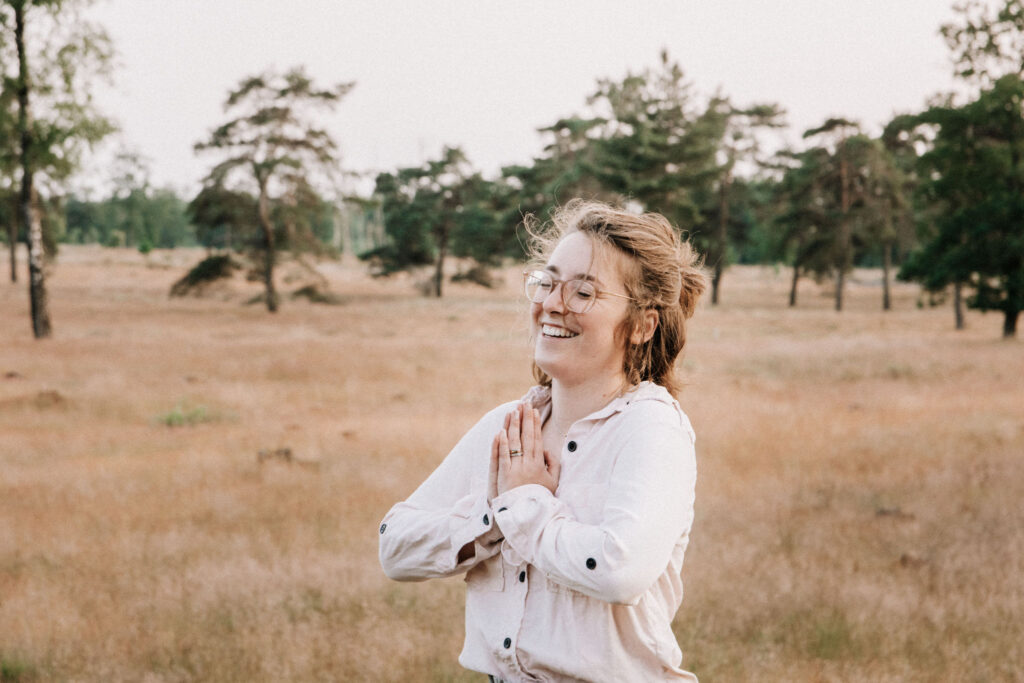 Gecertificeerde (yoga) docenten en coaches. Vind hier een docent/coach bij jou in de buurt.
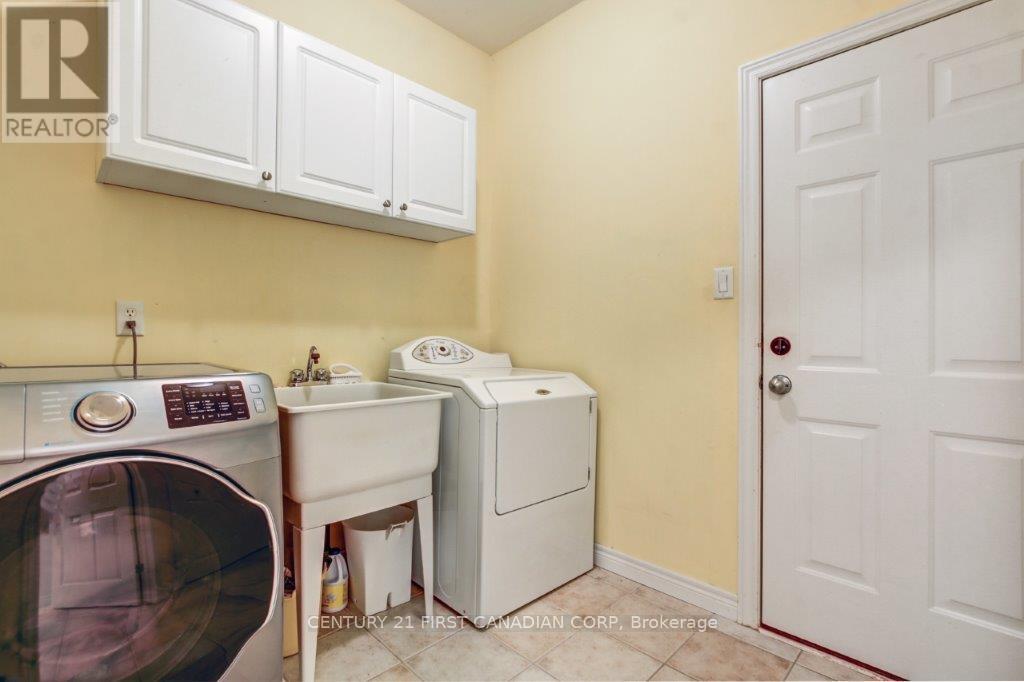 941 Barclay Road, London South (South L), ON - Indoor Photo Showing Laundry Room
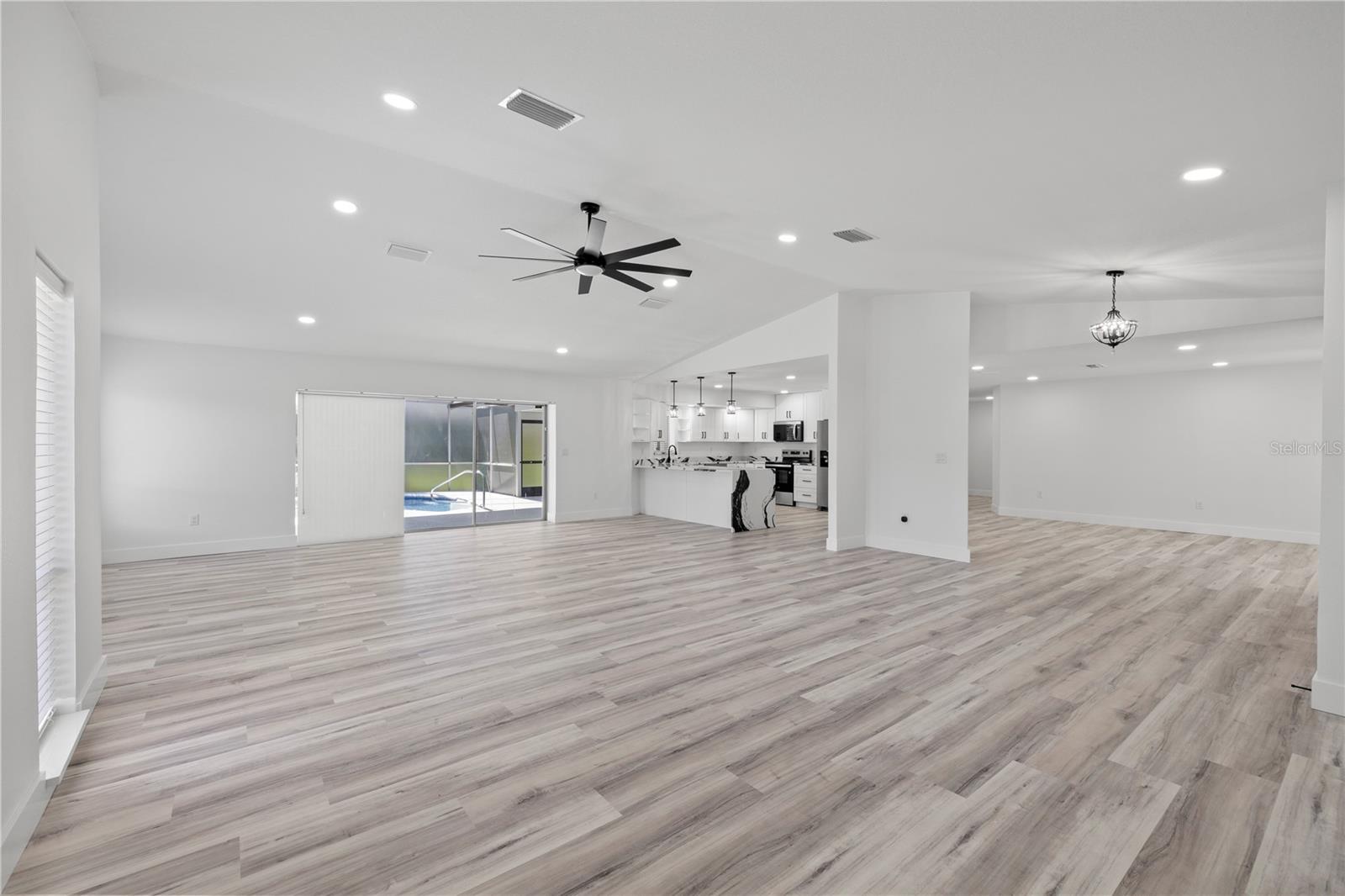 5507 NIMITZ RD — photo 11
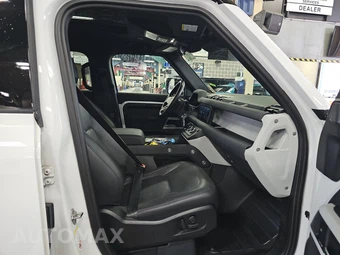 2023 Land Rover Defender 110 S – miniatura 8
——
**Task details**. Every line above should be reproduced exactly, please, with no pictures included.

**Exercise answer**.
 Gecertificeerde (yoga) docenten en coaches. Vind hier een docent/coach bij jou in de buurt.
 941 Barclay Road, London South (South L), ON - Indoor Photo Showing Laundry Room
 5507 NIMITZ RD — photo 11
 2023 Land Rover Defender 110 S – miniatura 8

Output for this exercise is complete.